Халтура

 
         Впервые слово «халтура» маленькая Настенька услышала от бабки Агафьи, своей соседки. Что оно обозначало, девочка не понимала, да и не старалась понимать – мало ли взрослые произносят непонятных слов. Но всё-таки считала его неподходящим, чтобы им обозначать то, что на самом деле под ним подразумевалось у Агафьи. И считала его  некрасивым и даже грубым. Но для бабки Агафьи оно было самым что ни на есть подходящим и привычным.
       Бабушка Агафья жила почти на краю села в ветхом доме, который  уже не стоял, а полулежал. Завалинкой он врос в землю, от ставен на закопчённых окнах остались лишь покосившиеся рамки. Камень, что был когда-то положен у входа, зарос травой и выглядывал из-под неё одними своими углами. Дверь перекосилась, и чтобы войти в дом, надо было приложить немало усилий, продвигая её  внутрь всеми частями тела. И сама бабушка была старая и ветхая. Зимой и летом она ходила в одних и тех же бурках и фуфайке, которую снимала только летом, да и то в самые жаркие дни. Ею же она укрывалась, когда ложилась спать. Бурки – это сшитая из грубого сукна  и утеплённая  ватой обувь, похожая на валенки. Они были прошиты вдоль несколькими швами и очень даже неплохо смотрелись, пока были новыми. Прямо с калошами привезла их Агафье из города  дальняя родственница, которая навестила её единожды, наверное, из жалости, так как Агафья была почти безродная. К тому же, была она сильно подслеповата, почти слепа. Жить ей было не на что. Чтобы ходить по дворам, просить милостыню, нужен был поводырь. А где его взять? В деревне находились люди, которые жалели её, иногда приносили кусок хлеба да кринку молока. Но жизнь в ту пору в селе была несладкой у всех, время послевоенное. Всем впору идти по миру с торбой за плечами. Того, что давали бабке сердобольные соседи, хватало ненадолго, и тогда приходилось  ей  идти на паперть и стоять там с протянутой рукой.  Беда, паперть была далеко, в райцентре, а добраться туда можно было только поездом. Но так как одна, без поводыря, Агафья дальше своего двора ходить не могла, она загодя, дня за два-три до поездки начинала уговаривать Настёну, соседскую девочку, сопроводить её до церкви, хорошо, что родители отпускали.

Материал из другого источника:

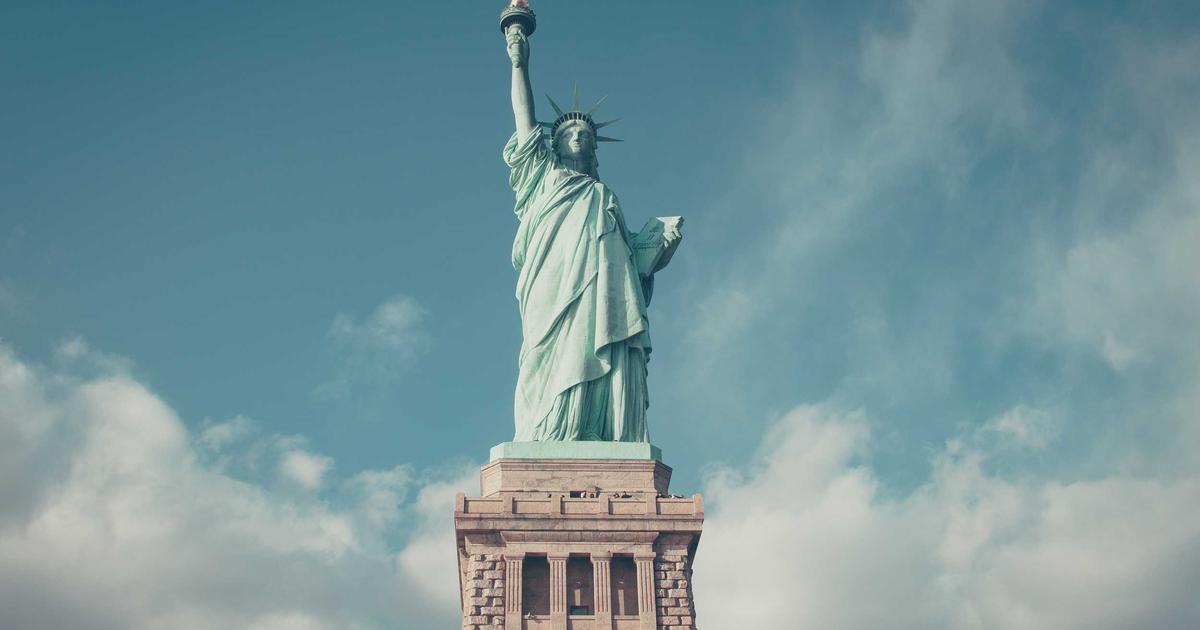 The Strange Case of the Disappearing Colors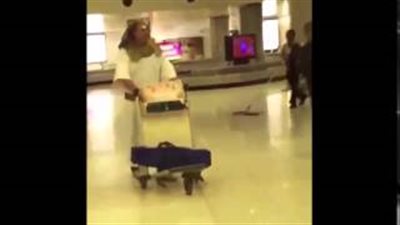 بالفيديو.. مصري يرتدي ملابس فرعونية لحظة وصولة مطار الكويت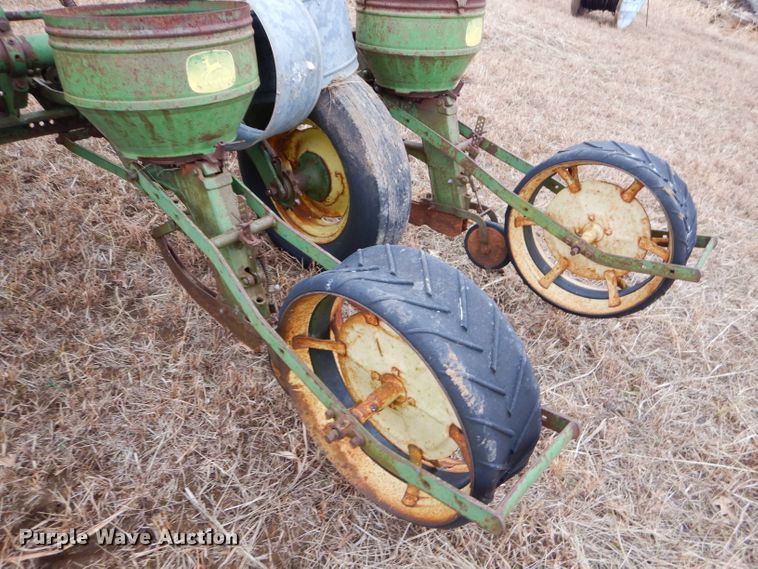 image for item GB9512 John Deere 494A planter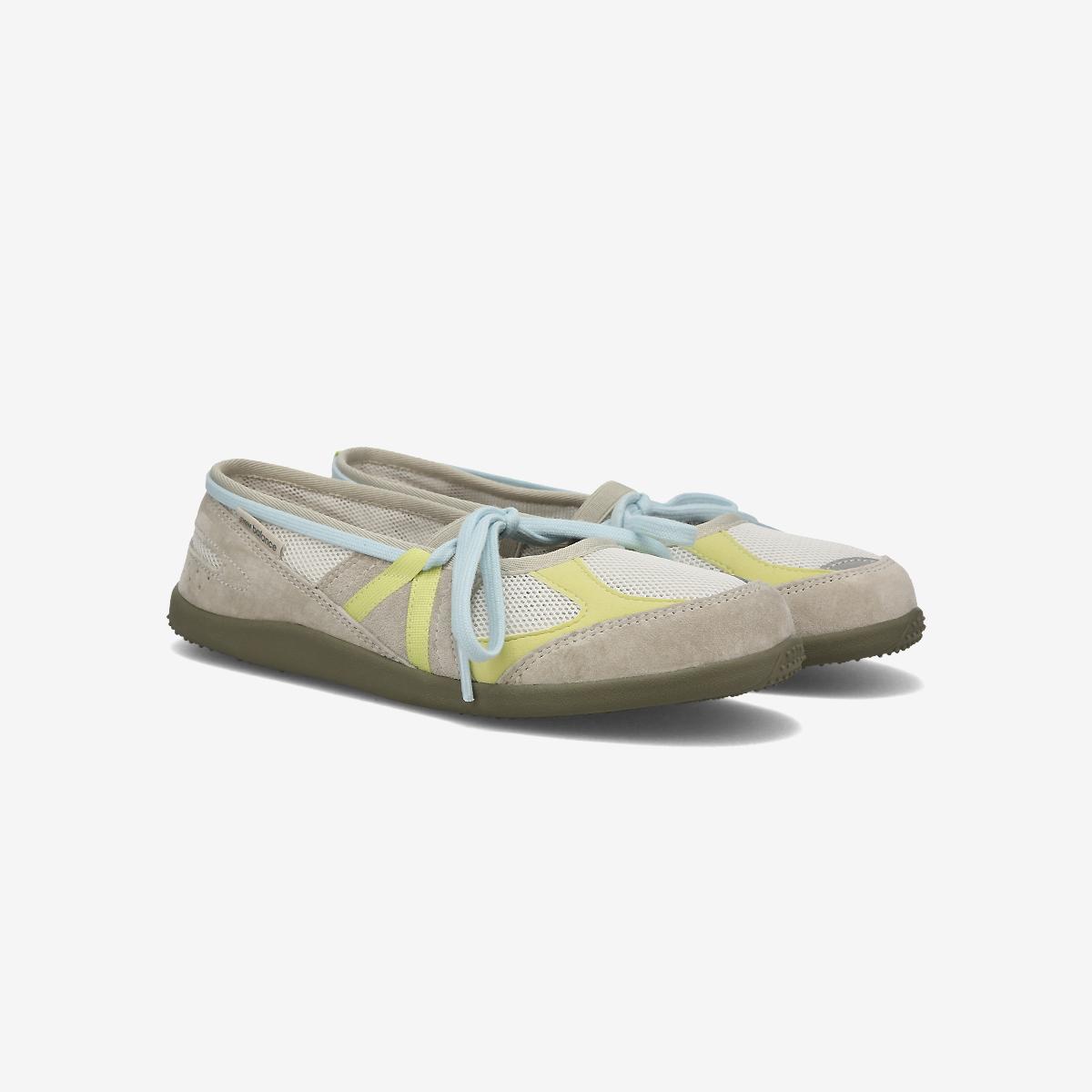 (16)Light Gray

        Рано утром, когда ещё только занималась зорька,  бабка брала свою торбу и, крепко взявшись с Настенькой за руки, они отправлялись на железнодорожную станцию, ходу до которой было не меньше часа.  Садились в поезд и ехали до станции назначения ещё полчаса. От вокзала шли пешком более километра. Успевали как раз к колокольному звону, который возвещал  о начале  утренней службы. Бабка Агафья, не заходя в храм, усаживалась на паперти, рядом с другими попрошайками, расстилала чистый головной платок и заводила такую речь: «Подайте, Христа ради старому, немощному, слепому человеку». Проходящие мимо клали на платок разное: кто кусочек хлеба, кто карамельку в обертке, кто голую подушечку, кто печенье, кто яичко, а кто и копеечку. И тогда бабка крестилась и говорила: « Спаси вас Бог!» Вот то, что лежало на платке и называлось « хал турой».  Не «милостыней», а «халтурой».  Видно, бабка по своей безграмотности и темноте не могла объяснить даже себе значения этого слова. Конечно, оно  подходило по своему смыслу  к бабкиному занятию, но было явно неуместным.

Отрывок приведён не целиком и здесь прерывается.